Publicado 14/09/2025 06:54

Sánchez enfrentará perguntas no Congresso sobre a estabilidade do Executivo após o retrocesso de 37,5 horas

Archivo - Arquivo - O primeiro-ministro Pedro Sánchez fala durante uma sessão de controle do governo no Congresso dos Deputados em 14 de maio de 2025 em Madri (Espanha). Durante a sessão plenária, o Congresso deu um relato sobre o apagão geral.
Marta Fernández - Europa Press - Arquivo

A sessão de controle também inclui perguntas sobre o acordo tarifário com os EUA e o orçamento para 2026.

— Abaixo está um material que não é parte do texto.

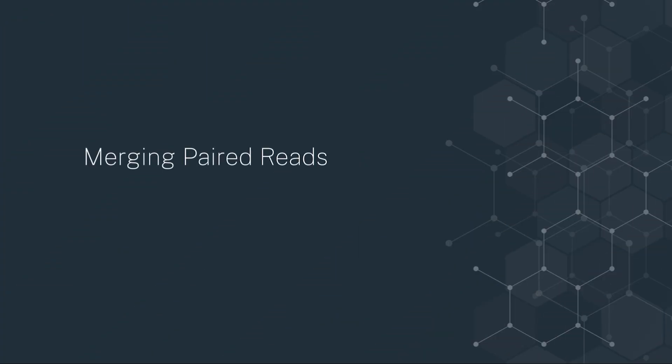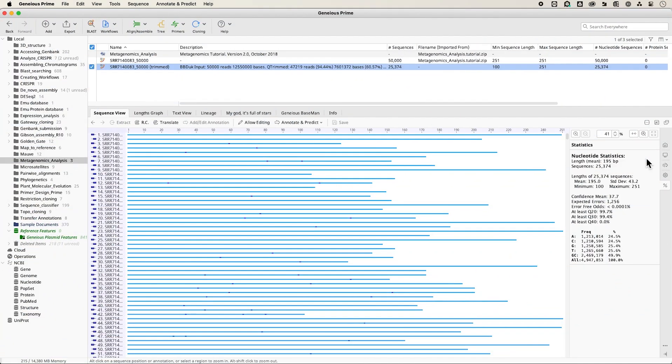As our reads are 250 base pairs, the forward and reverse reads overlap and can be merged to create a single consensus sequence for each pair. Merging reads is beneficial as it helps to increase the accuracy and reliability of the data, especially when dealing with short reads.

MADRID, 14 set. (EUROPA PRESS) -

O presidente do governo, Pedro Sánchez, responderá a duas perguntas na próxima quarta-feira na sessão de controle do Congresso, com foco na estabilidade e na situação política de seu Executivo, depois que a Câmara derrubou esta semana a lei para a redução da jornada de trabalho para 37,5 horas.

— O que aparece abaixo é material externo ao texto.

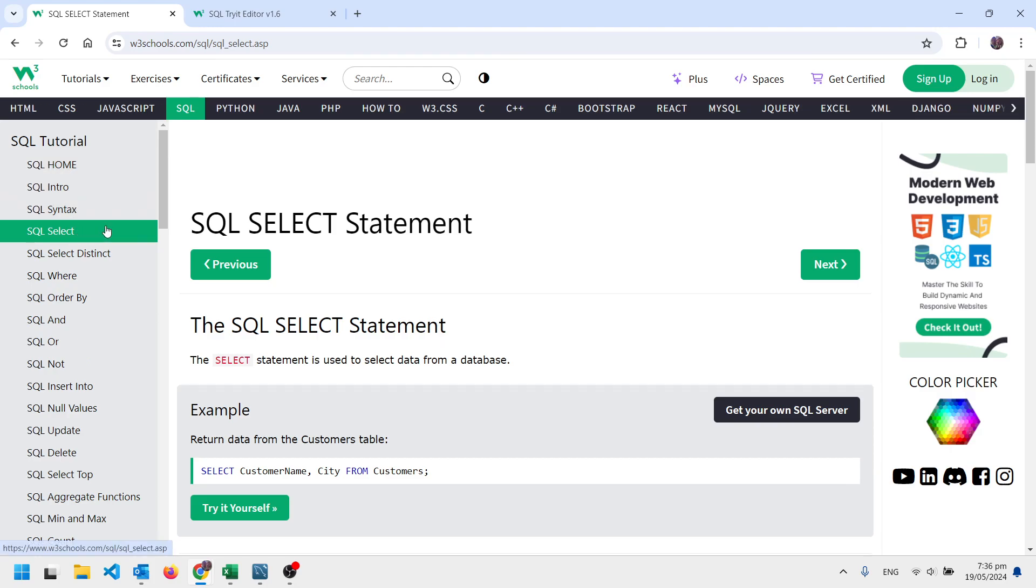What you need to do to get going with what we're up to is you need to understand how SELECT works. You can read these intros as well if you want to. SELECT DISTINCT, you might as well.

Especificamente, o líder do PP, Alberto Núñez Feijóo, questionará Sánchez sobre "como ele avalia a estabilidade de seu governo", enquanto a porta-voz do Junts, Míriam Nogueras, pedirá sua opinião sobre "a situação política".

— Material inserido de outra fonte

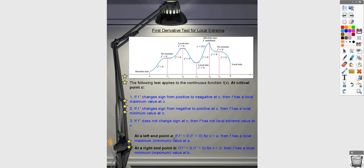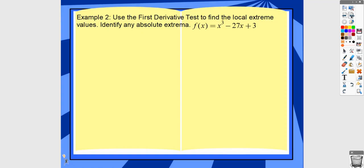At endpoints, you're not usually asked to justify what's happening there — I've never seen a free response problem that asks you to justify endpoints. They would typically leave endpoints out by asking for local extrema on the open interval. But if needed: at the left endpoint you look at what's happening to the right, and at the right endpoint you look at what's happening to the left — that's how you'd justify whether it's a local max or min.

Os votos de ambos os partidos, juntamente com o Vox, derrubaram a reforma trabalhista promovida pela segunda vice-presidente do governo e Ministra do Trabalho, Yolanda Díez, em uma intensa sessão plenária na qual ela censurou ambos os partidos por "defenderem os interesses dos empregadores e não os de milhões de trabalhadores" em toda a Espanha.

Por sua vez, a porta-voz de Bildu no Congresso, Mertxe Aizpurua, se concentrará na esfera internacional, perguntando ao presidente se ele apoia "o acordo comercial firmado entre a Comissão Europeia e os Estados Unidos".

No final de julho, a presidente do executivo da UE, Ursula Von der Leyen, e o presidente dos EUA, Donald Trump, chegaram a um pacto polêmico que estabeleceu uma tarifa máxima de 15% para a maioria das exportações entre as duas áreas.

"SRA. MONTERO, A SENHORA ESTÁ CUMPRINDO A LEI?"

Na mesma sessão de controle, a secretária-geral do Podemos, Ione Belarra, quer perguntar à primeira vice-presidente e ministra da Fazenda, María Jesús Montero, quais são "os planos do governo para o novo rumo político".

Esse novo período de sessões é marcado pela promessa do Executivo de levar ao Congresso um projeto de Orçamento Geral do Estado (PGE) para 2026 e, no momento, tanto o Junts quanto o Podemos estão condicionando seu apoio a fortes exigências.

Além disso, a porta-voz do PP no Congresso, Ester Muñoz, registrou outra pergunta para Montero, para que ela explique se o governo "trabalha para o povo espanhol"; seu colega Elías Bendodo pretende perguntar se ela se orgulha de sua gestão à frente do Tesouro, e José María Figaredo, da Vox, quer saber "em que o governo gasta os impostos do povo espanhol".

EXAME DE BOLAÑOS

A oposição também registrou perguntas para o ministro da Presidência, Félix Bolaños, a quem a porta-voz da Vox no Congresso, María José Rodríguez Millán, pretende responsabilizar pelos pactos do governo e seus efeitos sobre o estado de direito.

O secretário-geral do PP, Miguel Tellado, planeja perguntar a ele se o governo está em conformidade com a lei, e a porta-voz adjunta do Grupo Popular, Cayetana Álvarez de Toledo, tentará fazer com que ele especifique o que quer dizer com "coexistência".

Por sua vez, a chefe de Regeneração Institucional do PP, Cuca Gamarra, quer que a Ministra da Defesa, Margarita Robles, comente "o que está acontecendo na Europa", após o recente impacto dos drones russos em solo polonês.